Snoring - Obnoxious (but medically innocent) noise or wakeup call for sleep medicine?
ABSTRACT from SMR: December 2014 Sleep Medicine Reviews, has two articles with complementary reviews of adult and pediatric snoring [1,2]. Both studies acknowledge that snoring is often a marker of obstructive sleep apnea, but they also highlight the greater frequency of this symptom and its potential independent clinical importance. The most important issue raised by both reviews is the persisting question about the significance of snoring in the absence of frank obstructive sleep apnea.

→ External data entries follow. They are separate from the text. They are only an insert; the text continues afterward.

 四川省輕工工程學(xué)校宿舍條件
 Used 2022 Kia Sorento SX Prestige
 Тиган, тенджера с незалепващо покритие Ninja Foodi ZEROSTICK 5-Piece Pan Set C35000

Both reviews allude to the assumption that snoring is the mildest form of the obstruction we loosely call “sleep disordered breathing” but both come to the conclusion that there is reason to consider that snoring may be more than just mild obstructive sleep apnea: continuous snoring is at least associated with and perhaps defines a pathophysiologic entity that is not easily related to the repetitive and well circumscribed respiratory events marked by hypoxia and/or arousals and that define obstructive sleep apnea.

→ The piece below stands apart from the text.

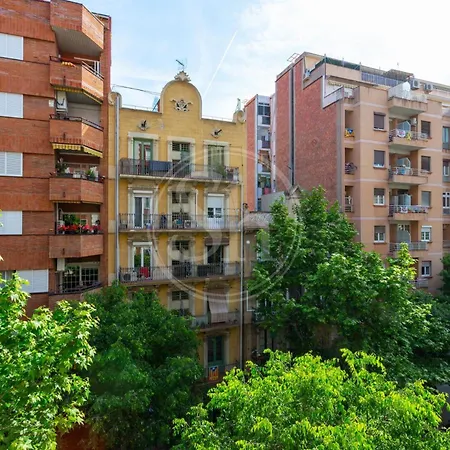 Zona Sagrada Familia Iii Barcelona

- 1 Dreary, V.Ellis, J.G.Wilson, J.A.Coulter, C.Barclay, N.L. Simple snoring: not quite so simple after all?. Sleep Med Rev. 2014; (xx).

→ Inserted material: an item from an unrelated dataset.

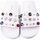 Schoenen Dames Sneakers Thewhitebrand Pearls white l-0184 Wit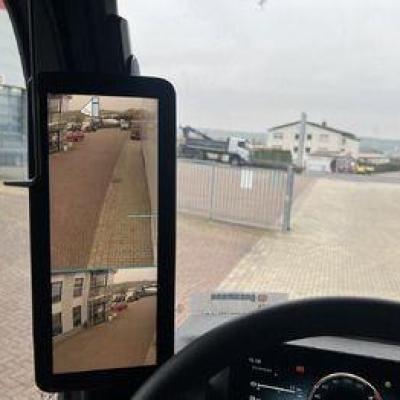 Mercedes-Benz ACTROS 1848 LS 4x2 | ciągnik siodłowy.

- Biggs, S.N.Nixon, G.M.Horne, R.S.C. The conundrum of primary snoring in children: what are we missing in regards to cognitive and behavioural morbidity?. Sleep Med Rev. 2014; (xx).
- Berry, R.B.Budhiraja, R.Gottlieb, D.J.Gozal, D.Iber, C.Kapur, V.K. et al, Rules for scoring respiratory events in sleep: update of the 2007 AASM manual for the scoring of sleep and associated events. J Clin Sleep Med. 2012;8:597–619.